The catnip herb, Nepata cataria, is of course well known for driving cats wild with joy. As an herb though it has far more uses than giving something for cats to chew or roll around in.
Catnip is a member of the wider mint family, and as such it can be used to make a catnip tea, or simply used as a fragrance, as it exudes a lemon-mint scent. Some people will also go as far as to make use of it as a remedy for colds.
Many people prefer to grown their own catnip from seeds, and partially depending upon local climatic conditions, this can be done straight into the outdoors, or into plant pots.
If growing catnip is to start indoors it is generally a good idea to commence work about two months before the last frost is due. At this time catnip seeds should be planted into small pots filled with a potting soil mixture.
These pots should then be watered and kept in a relatively warm location. Re-planting the catnip sprouts should then commence once there is no more likelihood of a frost.
Catnip plants are likely to need a relatively large amount of space for an herb, and ideally individual plants should have about 30cm clearance. Each individual catnip plant is likely to grow to a height of between 60cm and 90cm.

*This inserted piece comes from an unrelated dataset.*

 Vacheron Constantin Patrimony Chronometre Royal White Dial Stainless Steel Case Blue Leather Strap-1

Catnip should be planted in an area of well-drained, rich soil, and in location that receives a good amount of direct sunshine. When initially planted it is also a good idea to provide the catnip plant with some fertiliser, although this may well be the only additional fertiliser that the plant will need.

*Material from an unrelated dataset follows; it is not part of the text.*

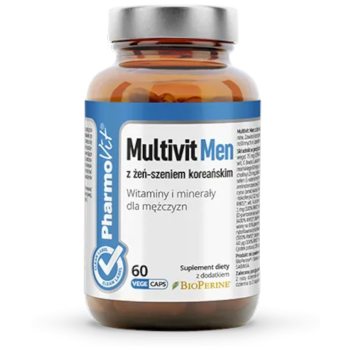MULTIWITAMINA (MULTIVIT MEN Z ŻEŃ-SZENIEM KOREAŃSKIM) DLA MĘŻCZYZN BEZGLUTENOWA 60 KAPSUŁEK - PHARMOVIT (CLEAN LABEL)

After the initial planting, the catnip plant should do very well by itself. It is not likely to attract too many voracious garden pests, although some protection will be required from nosey cats. Regular watering will ensure a long period of growth.
Bushy growth of the catnip can be ensured by the pinching back of new shoots, and with appropriate timing of harvesting, three such harvests can be obtained in a single growing season. The catnip will produce blue-lavender coloured flowers, with green leaves and square stems.
Catnip is of course a perennial, and with care will produce year after year from the same plant. Harvesting can be done relatively early in the growing season, with stems and leaves either dried out or left fresh, and then either given to a favoured cat, or made into that relaxing cup of tea.